Commutator of Position and Energy

[meichenl]

This is a question about simple non-relativistic quantum mechanics in one dimension.

If the energy operator is $$\imath \frac{h}{2\pi}\frac{\partial}{\partial t}$$, then it would appear to commute with the position operator $$x$$. Then, if the energy and position operators commute, I ought to be able to find simultaneous eigenstates of them.

However, it is clear that in general the Hamiltonian does not commute with $$x$$, and in general these two operators do not have any simultaneous eigenstates.

What is wrong with my thinking? Does it make sense to think of $$\imath \frac{h}{2\pi} \frac{\partial}{\partial t}$$ as the energy operator, and is that supposed to be the same as the Hamiltonian? Am I running into a problem because I am thinking on the one hand of a time-independent problem and on the other of a time-dependent one? Alternatively, is it incorrect to state that any two operators which commute must have simultaneous eigenstates?

Thank you,
Mark

 

[meopemuk]

Time derivative is not a valid operator in the Hilbert space, and its commutator with x does not make sense. Normally, vectors in the Hilbert space do not depend on time. The time dependence arises only when you look at the state from different (time displaced) reference frames.

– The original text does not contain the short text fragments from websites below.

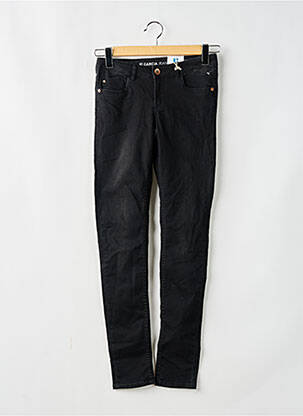 Jeans coupe slim noir GARCIA fille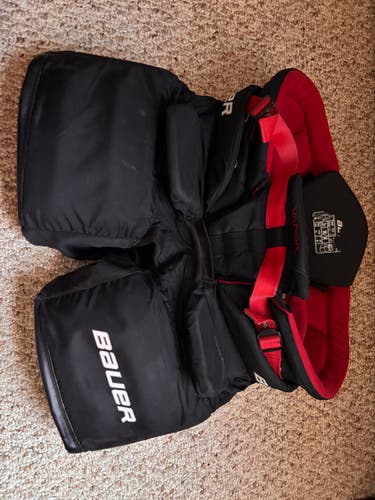 Junior Medium Bauer Vapor X2.9 Hockey Goalie Pants (Used)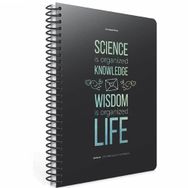 Gıpta 187698 19X26 Lıfe-Book Spiralli 100 Yaprak Çizgili Defter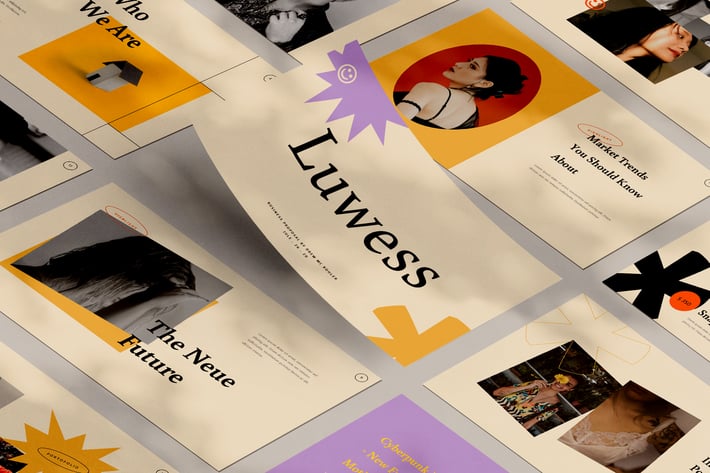 Luwess - Creative Keynote Template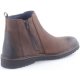 Uomo Geox U44T5D0045 Sneakers Uomo Nabuk Lt. Brown/Chestnut Marrone Trovare Prezzi Più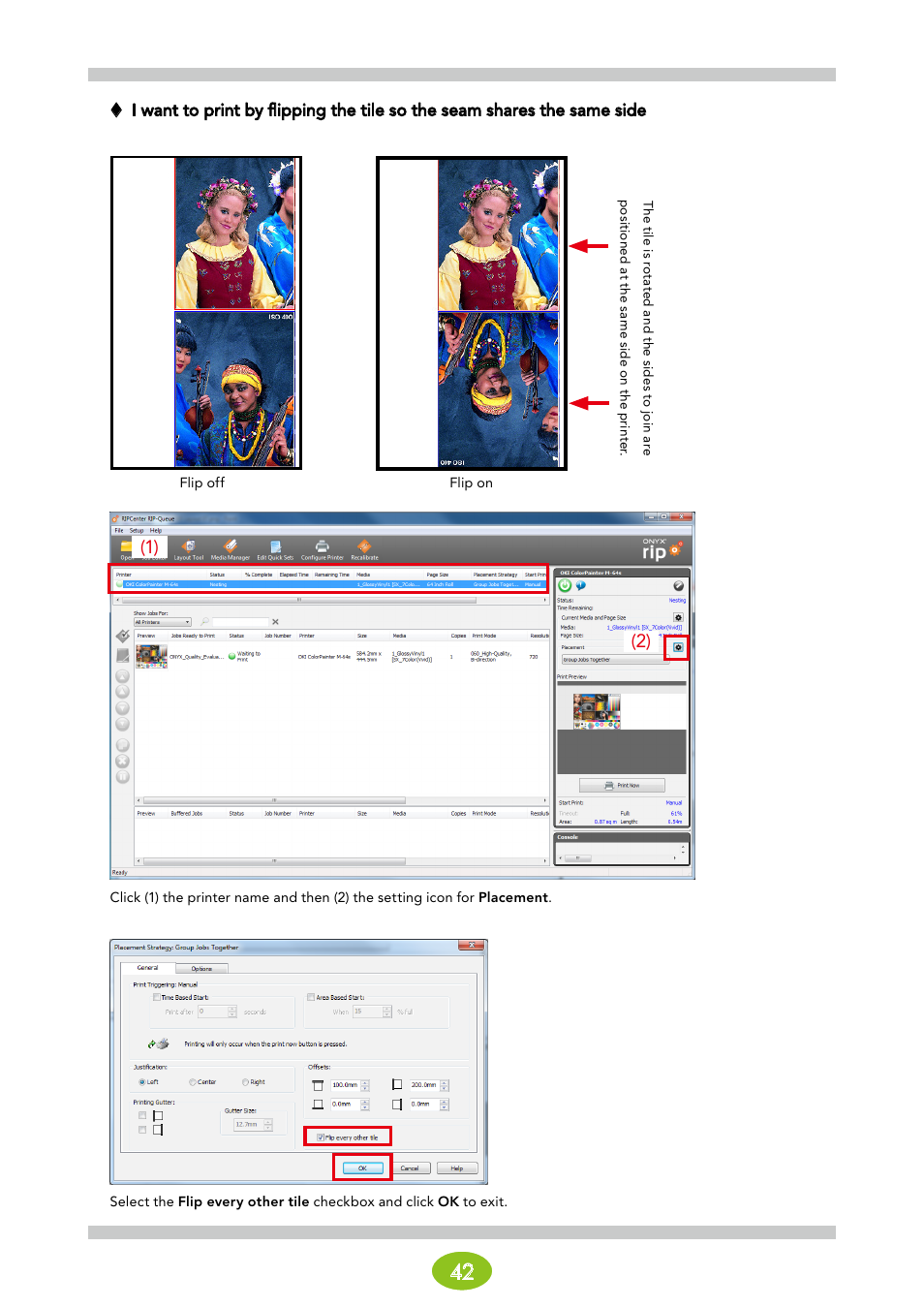 Oki ColorPainter E-64s User Manual | Page 42 / 146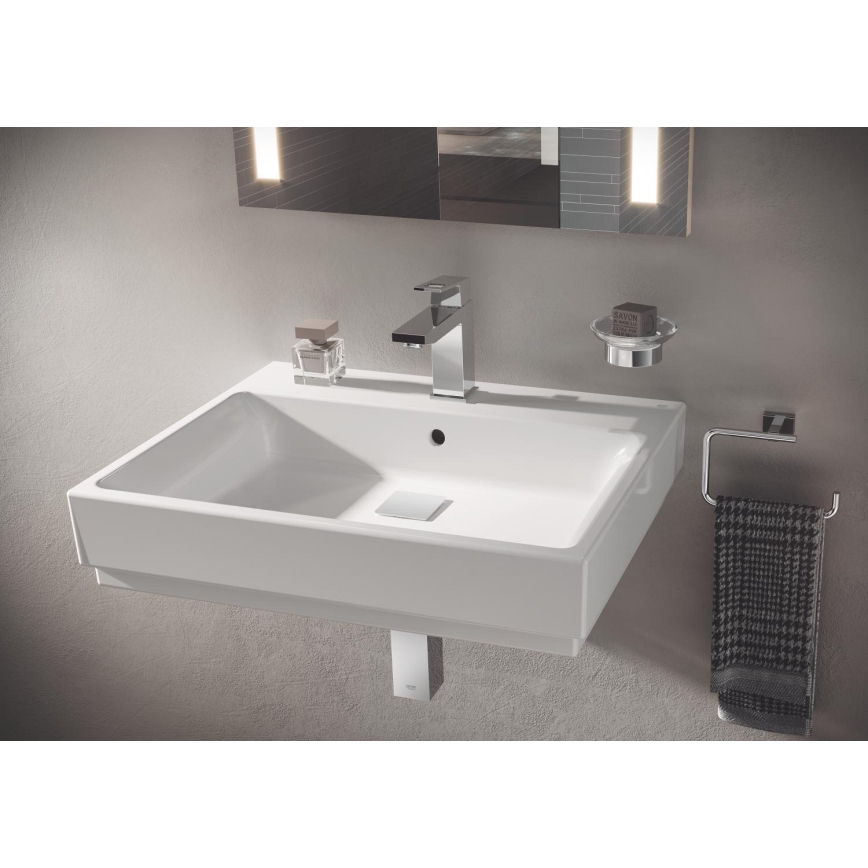 GROHE 23445000 - Praustuvo maišytuvas EUROCUBE, M dydis, blizgus chromas
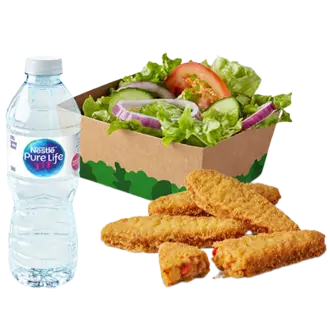 veggie dippers 4 pieces meal 1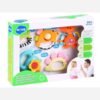 Multi-Piece Rattle and Teether Toys for Babies – Safe, Durable, and Engaging (Set of 5)
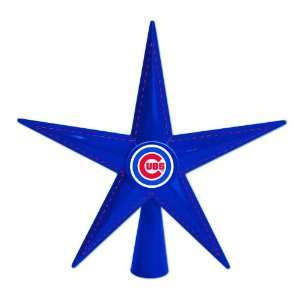  Chicago Cubs Metal Christmas Tree Topper Sports 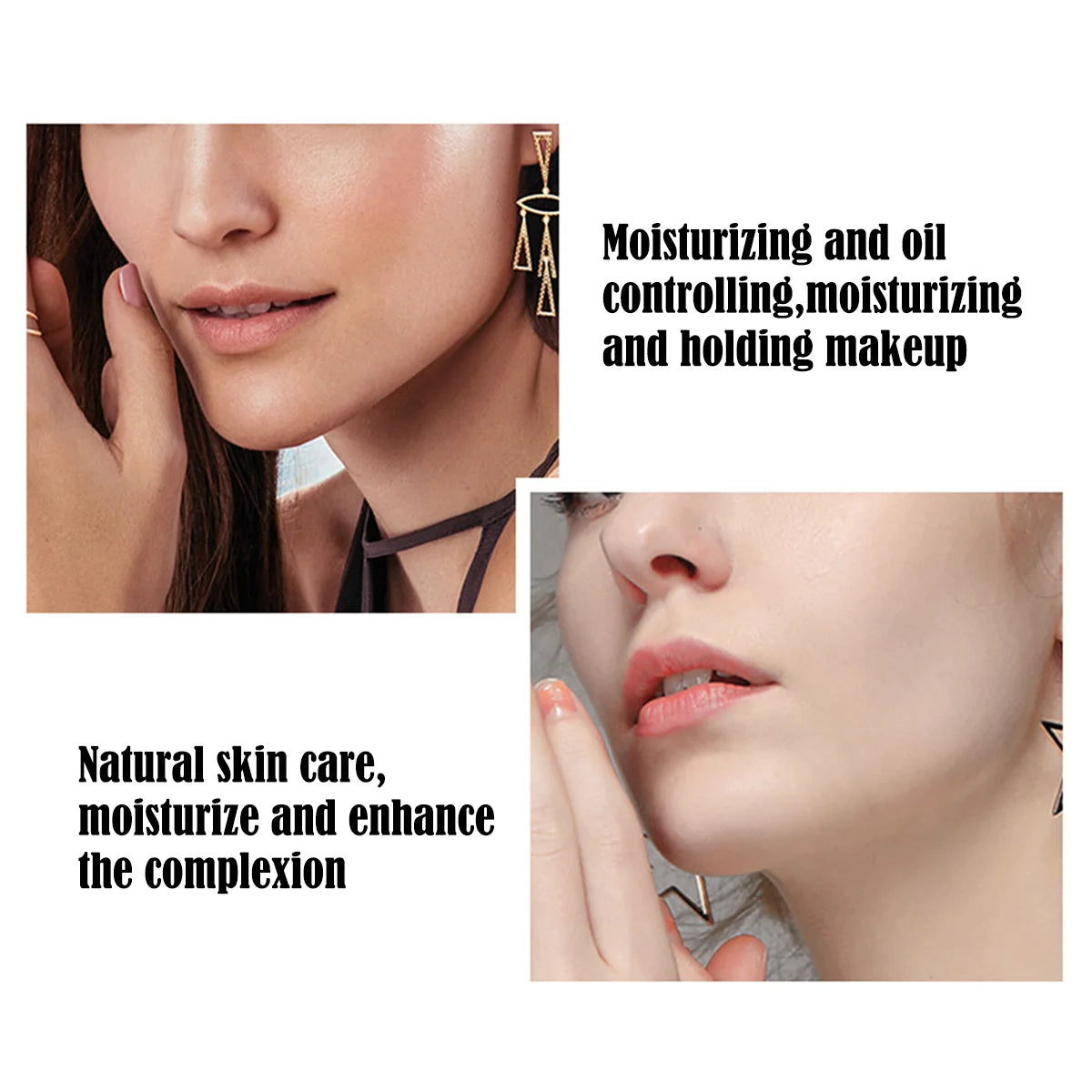Flawless Matte Liquid Foundation - Long-lasting soft mist version, smooth, even skin tone, suitable for all skin tones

Schroedinger equation does not say that "the time derivative and the Hamiltonian are equivalent operators" It says: "the time derivative of the state vector is equal to the action of the Hamiltonian on the state vector".

 

[strangerep]

[...] if the energy and position operators commute [...]

[H,X] is usually taken to be a velocity operator.
I.e., energy and position don't commute in general.